**Exercise description:**
Transcribe the records exactly. Pictures do not belong in the transcription.

**Data under study:**

════════════════

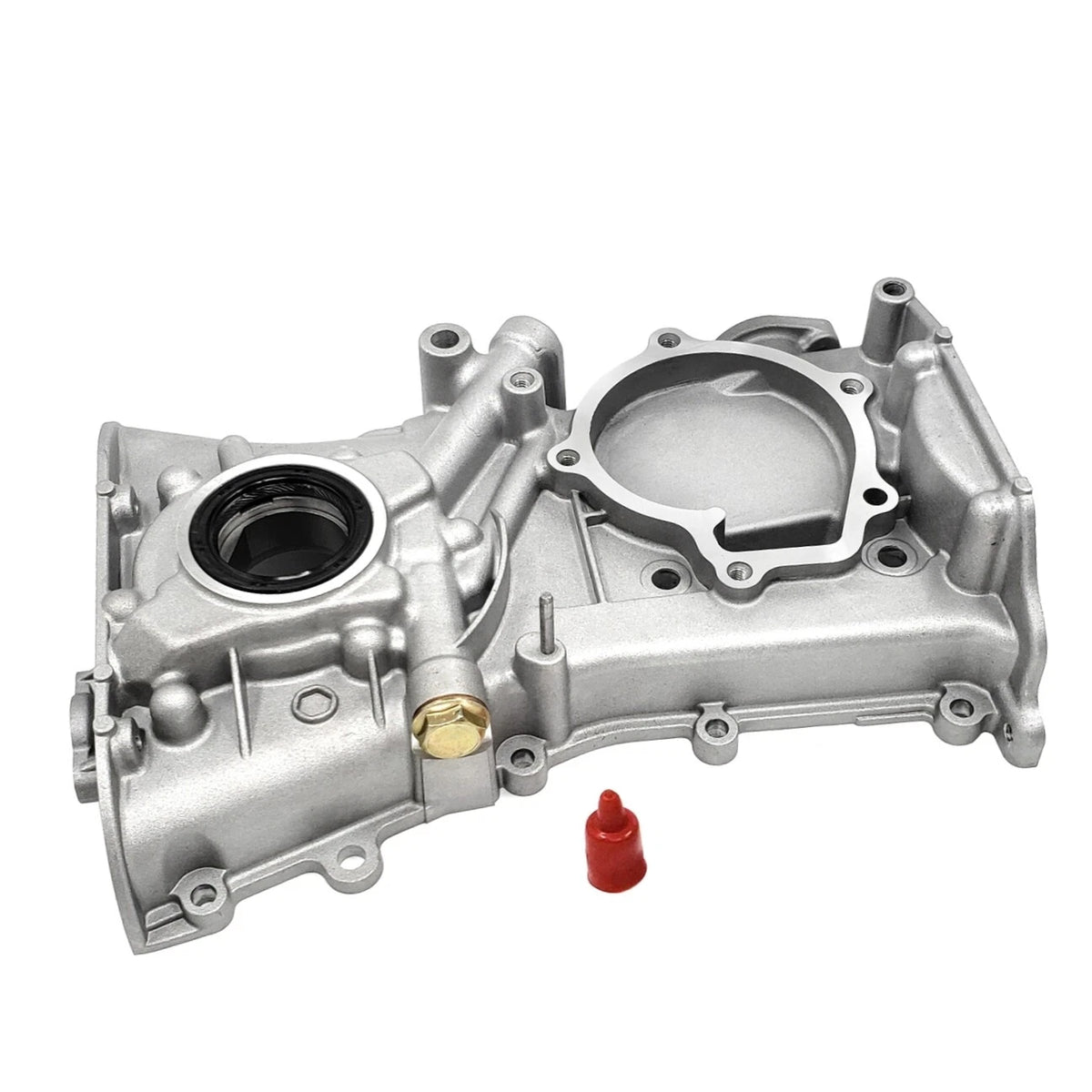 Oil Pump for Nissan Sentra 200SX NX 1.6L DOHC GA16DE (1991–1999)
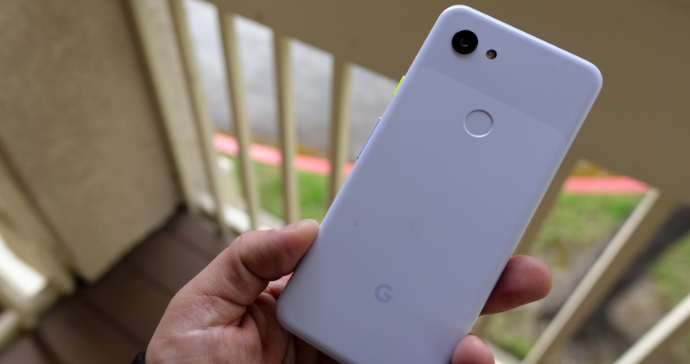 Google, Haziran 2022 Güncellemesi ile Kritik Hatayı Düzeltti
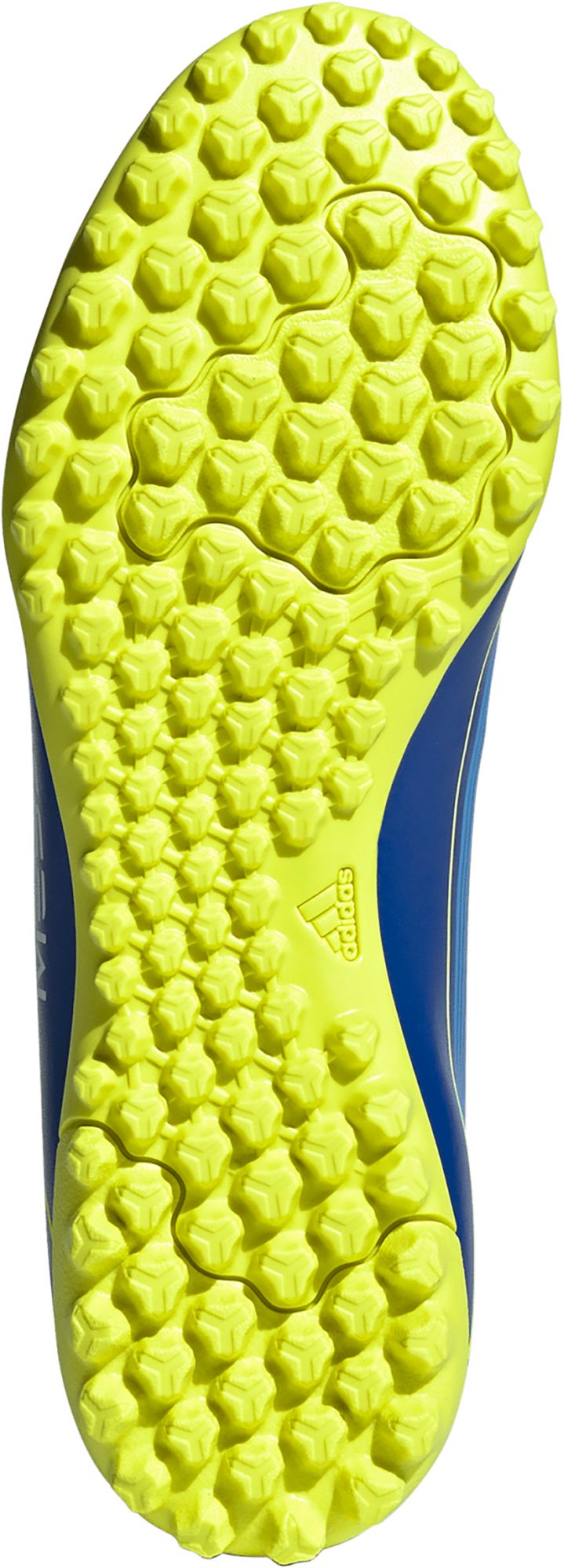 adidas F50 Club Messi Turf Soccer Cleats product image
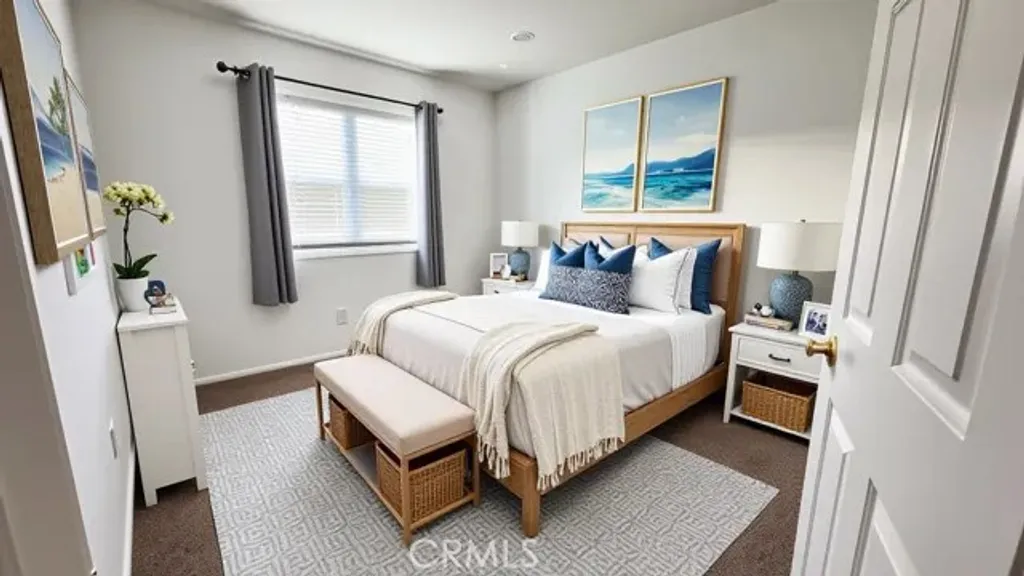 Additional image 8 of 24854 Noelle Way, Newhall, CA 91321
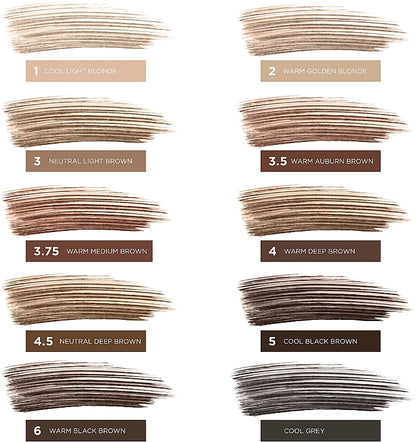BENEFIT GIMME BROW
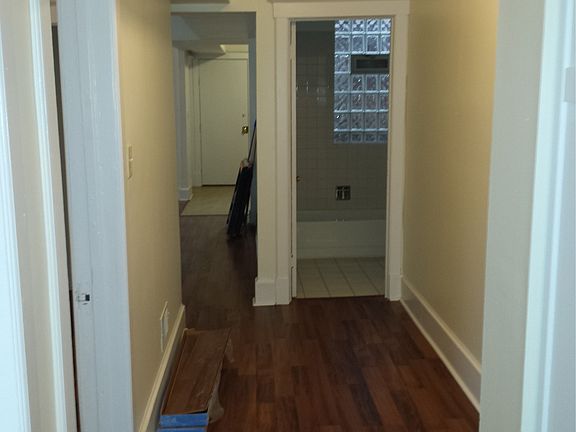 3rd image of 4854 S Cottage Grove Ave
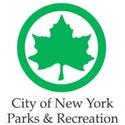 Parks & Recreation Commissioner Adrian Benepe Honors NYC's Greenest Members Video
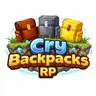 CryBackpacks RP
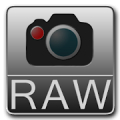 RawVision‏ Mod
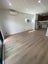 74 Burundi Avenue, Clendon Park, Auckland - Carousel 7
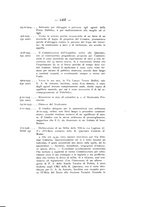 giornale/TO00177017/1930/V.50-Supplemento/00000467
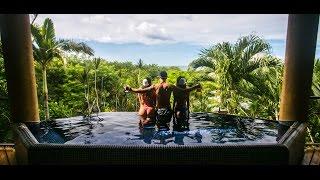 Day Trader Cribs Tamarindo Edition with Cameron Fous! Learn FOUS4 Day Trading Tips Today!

════════════════

**Answer to the exercise:**
 Oil Pump for Nissan Sentra 200SX NX 1.6L DOHC GA16DE (1991–1999)
 Google, Haziran 2022 Güncellemesi ile Kritik Hatayı Düzeltti
 adidas F50 Club Messi Turf Soccer Cleats product image
 Additional image 8 of 24854 Noelle Way, Newhall, CA 91321
BENEFIT GIMME BROW
 3rd image of 4854 S Cottage Grove Ave
 Parks & Recreation Commissioner Adrian Benepe Honors NYC's Greenest Members Video
 CryBackpacks RP
 RawVision‏ Mod
 74 Burundi Avenue, Clendon Park, Auckland - Carousel 7
 giornale/TO00177017/1930/V.50-Supplemento/00000467
 Day Trader Cribs Tamarindo Edition with Cameron Fous! Learn FOUS4 Day Trading Tips Today!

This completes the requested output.